En un grupo de escritura de memorias, me entero de que K., una trabajadora social/antropóloga que ya ha pasado los 80 años, se aventuró sola a los 22 años a hacer trabajo de campo en tiempos de guerra en el entonces salvaje Territorio de Alaska; que J., con "el pelo liso y los dientes torcidos", se quedó con tres niños para dirigir una granja avícola en Vermont mientras su marido iba a la guerra.

Estoy en mi casa, con unas cuantas antigüedades familiares, en un soleado apartamento en el piso de arriba con vistas a las montañas, y con vecinos que llevaron vidas aventureras; sin embargo, pienso con nostalgia en lo que he abandonado, y veo fantasmas. Echo de menos la casa en la que las chamisas que planté ramita a ramita se convirtieron en un seto, en la que la fragancia de un falso naranjo entraba por la ventana del estudio, en la que todos los viejos libros familiares, muchos de ellos con dedicatorias manuscritas de personas que conocíamos bien, cuentan la historia de nuestra vida.

Renuncié a todo eso por edificios llenos de ocupantes ancianos. Señoras de pelo blanco, hombres panzones, tanques de oxígeno, andadores, sillas de ruedas. Esta imagen no se parece a las caras felices de las portadas de la revista de la Asociación Americana de Jubilados (AARP). Para afrontarlo, vivo el presente y busco las cosas buenas de mi nueva vida. He llegado a valorar el espíritu de comunidad de mis nuevos amigos, a pesar de sus actuales dolencias. Nos apoyamos mutuamente con una taza de té o un plato de pasta cuando alguien está un poco decaído. Me hago amigo del joven y atento personal que se desplaza desde las aldeas remotas de la zona rural de Nuevo México, que se entrega a nosotros con cálidas sonrisas y conversaciones amistosas. Las caras sonrientes de las personas que aparecen en el boletín de la AARP parecen más reales ahora que al principio.
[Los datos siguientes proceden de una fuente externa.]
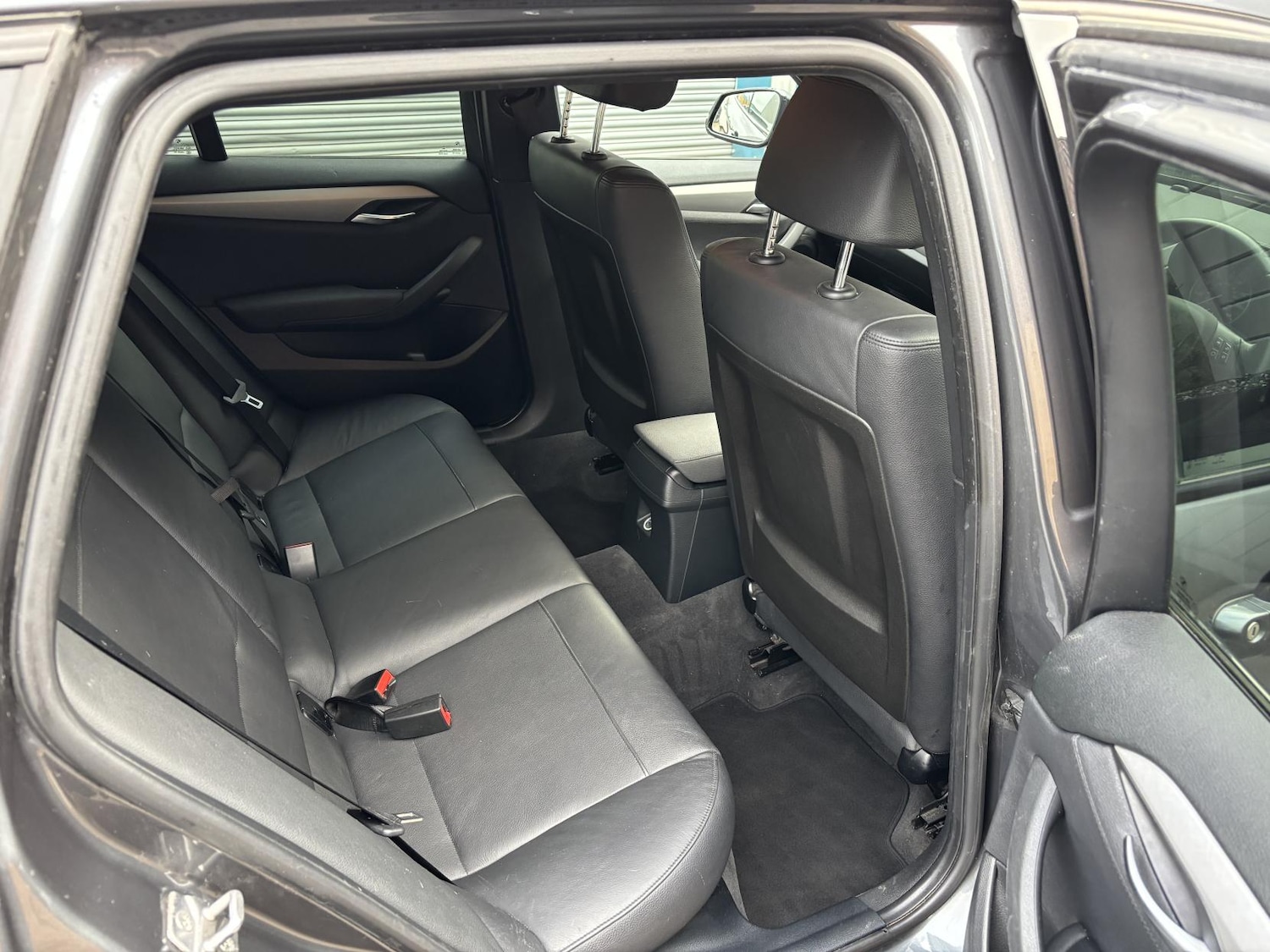 Used BMW X1 2014 for sale - 76908410: Photo 22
La mía ha sido una historia familiar de alguien que envejece, con el giro añadido de que una vez viví en un mundo de intelectuales expatriados como esposa nacida en Francia de un científico polaco. Cuando le dije a un amigo polaco que ahora vivía entre estadounidenses nacidos en Washington y Florida, Maine y California, exclamó: "¡Ahora sí que has emigrado!".

Nora Frank es una escritora independiente que vive en Estados Unidos desde 1938.